> [Data]

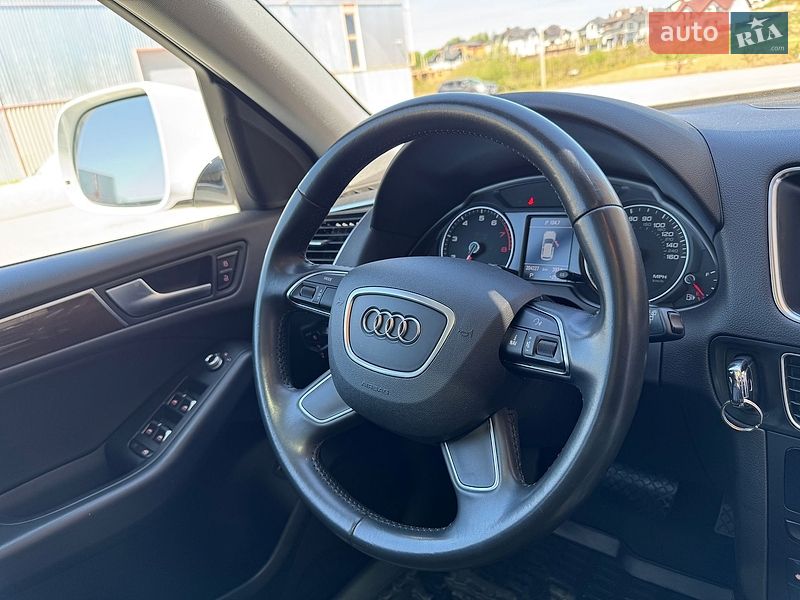 Внедорожник / Кроссовер Audi Q5 2016 в Львове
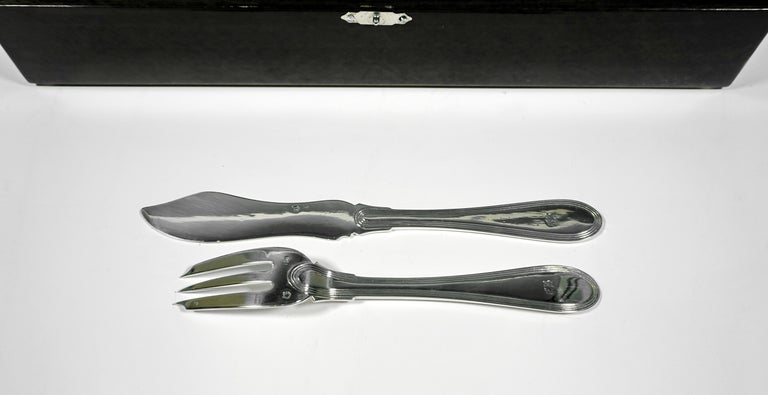 Hand-Crafted Art Nouveau Silver Fish Cutlery Set 12 Pers. in Showcase, by V.C. Dub, Vienna For Sale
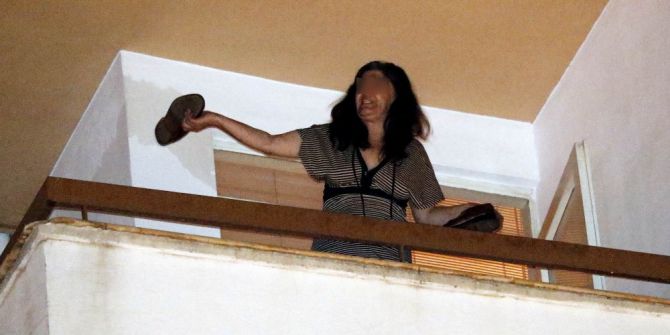 Cinnet Getiren Kadın Caddeyi Savaş Alanına Çevirdi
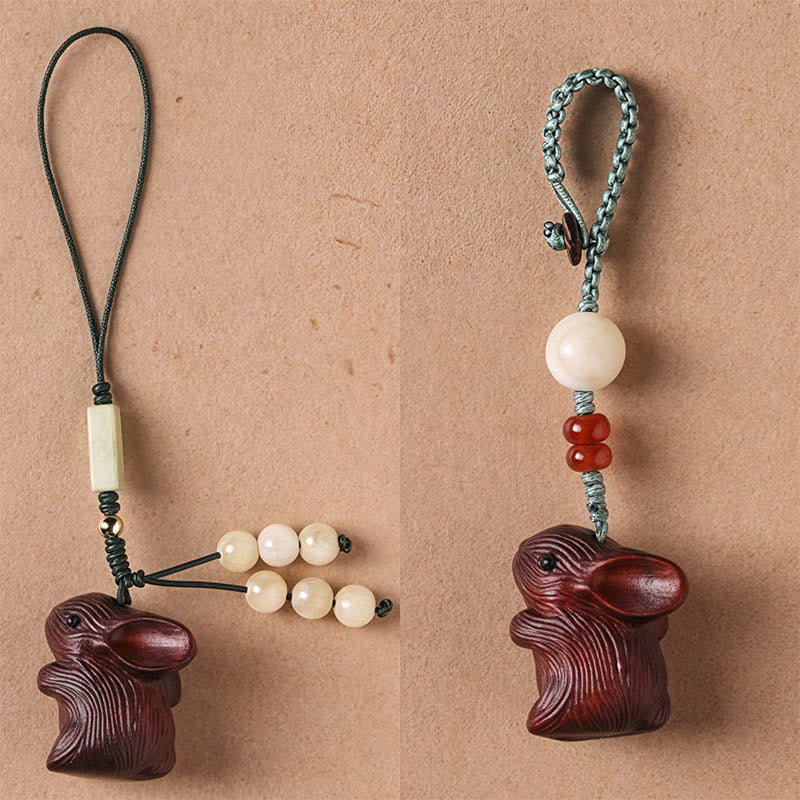 Porte-clés porte-bonheur lapin en bois de santal rouge à petites feuilles | Breloque de protection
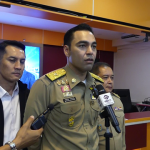 ปทุมธานี - 2 รมช.ลงพื้นที่เพื่อรับฟังปัญหาความเดือดร้อนของประชาชน โดยมี สจ. ทีมบิ๊กแจ็สตั้งกระทู้สดถามปัญหาผลกระทบการวางท่อประปา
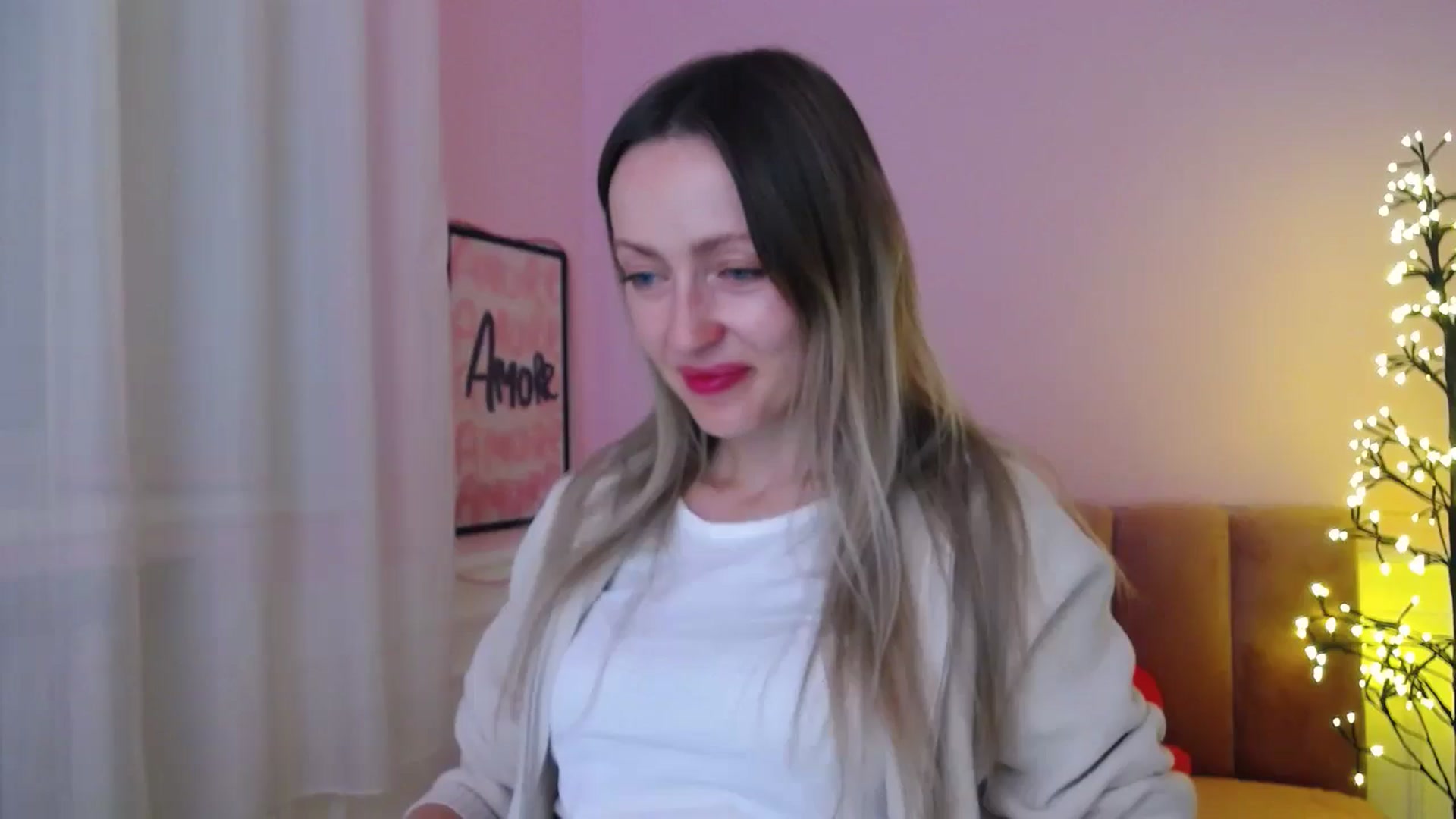 Gallery image thumbnail from MonicaNoir's myfreecams stream on, 01/04/2026, 11:11 image 4 of 20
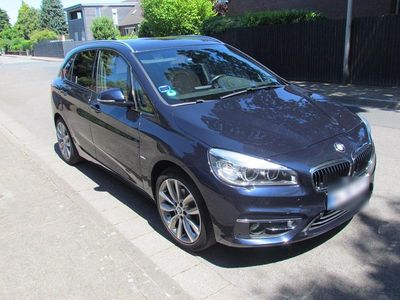 Gebraucht BMW 218 Luxury Line 150 PS (110 kW) 2016 Blau Van / Kleinbus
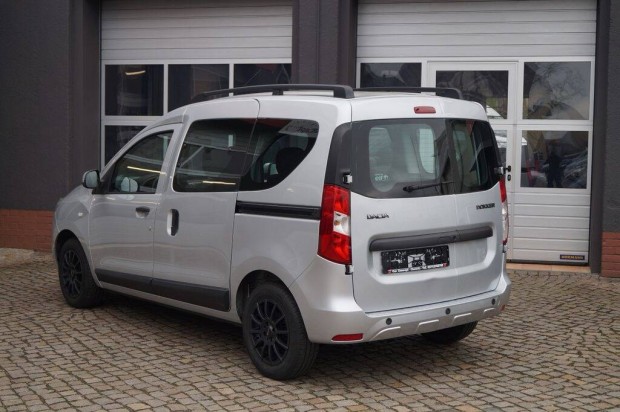 905548054R pa66gf30 Dacia csomagtrajt zr motor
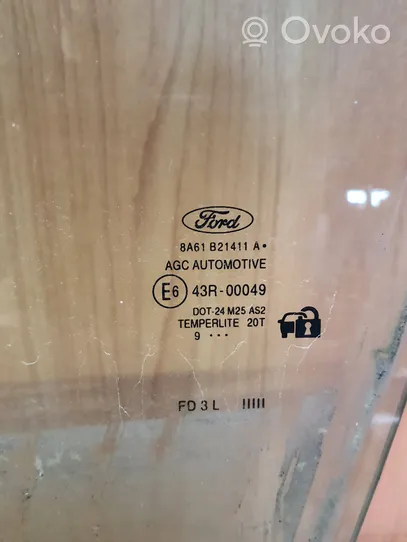 Ford Fiesta Luna/vidrio de la puerta delantera (coupé) 8A61B21411A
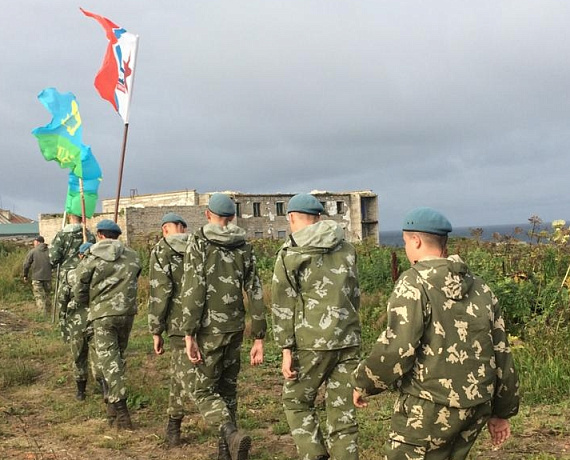 При поддержке партии "РОДИНА" подростки совершили поход на мыс Крильон, самую южную точку Сахалина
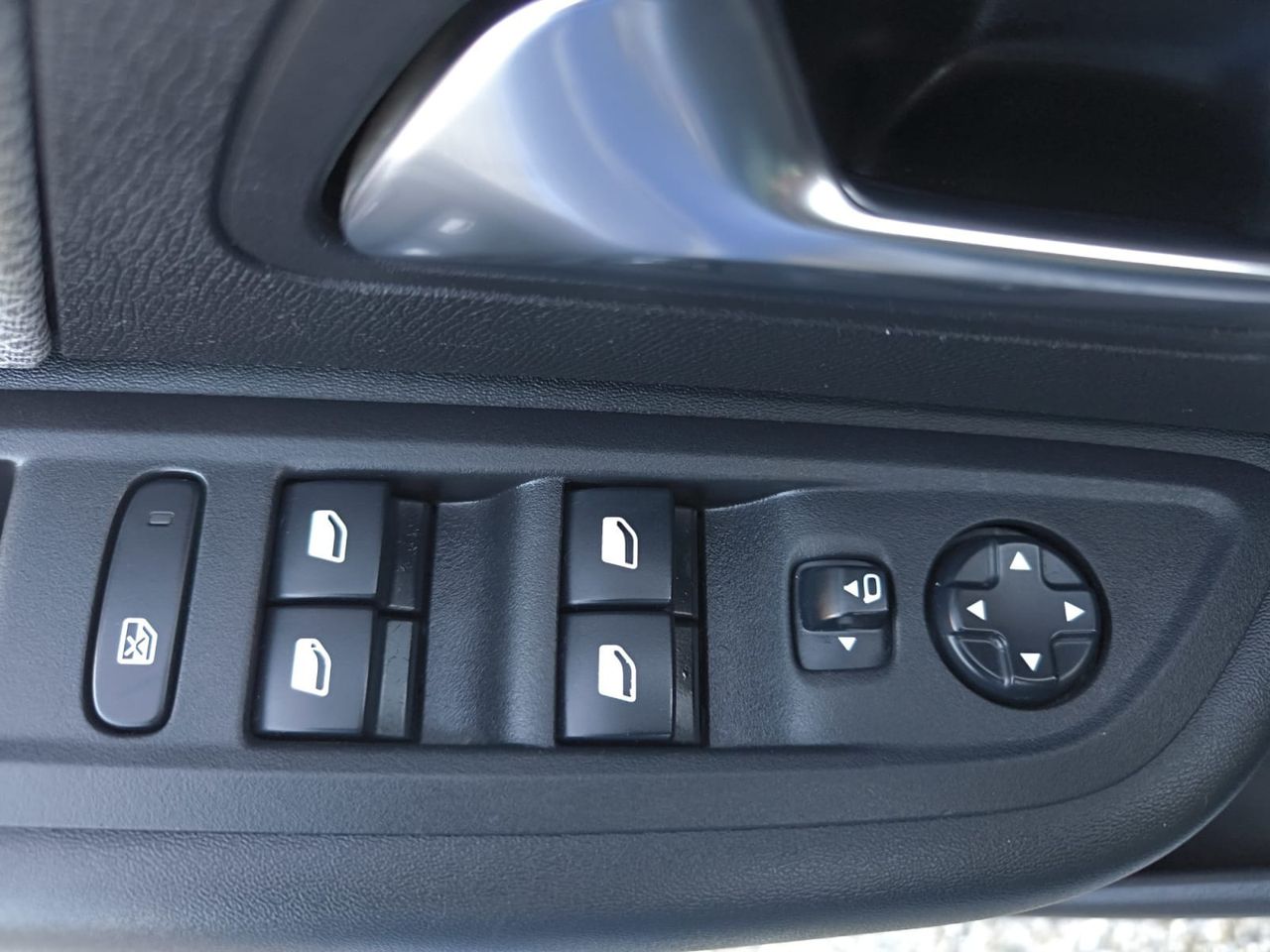 Citroën C4 BLUE HDI 130 CV EAT8 SHINE  - Foto 2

> [Instructions for the task] Before copying the data, remove the pictures. Then repeat the rest exactly.

> [Solution to the problem]
 Внедорожник / Кроссовер Audi Q5 2016 в Львове
 Hand-Crafted Art Nouveau Silver Fish Cutlery Set 12 Pers. in Showcase, by V.C. Dub, Vienna For Sale
 Cinnet Getiren Kadın Caddeyi Savaş Alanına Çevirdi
 Porte-clés porte-bonheur lapin en bois de santal rouge à petites feuilles | Breloque de protection
 ปทุมธานี - 2 รมช.ลงพื้นที่เพื่อรับฟังปัญหาความเดือดร้อนของประชาชน โดยมี สจ. ทีมบิ๊กแจ็สตั้งกระทู้สดถามปัญหาผลกระทบการวางท่อประปา
 Gallery image thumbnail from MonicaNoir's myfreecams stream on, 01/04/2026, 11:11 image 4 of 20
 Gebraucht BMW 218 Luxury Line 150 PS (110 kW) 2016 Blau Van / Kleinbus
 905548054R pa66gf30 Dacia csomagtrajt zr motor
 Ford Fiesta Luna/vidrio de la puerta delantera (coupé) 8A61B21411A
 При поддержке партии "РОДИНА" подростки совершили поход на мыс Крильон, самую южную точку Сахалина
 Citroën C4 BLUE HDI 130 CV EAT8 SHINE  - Foto 2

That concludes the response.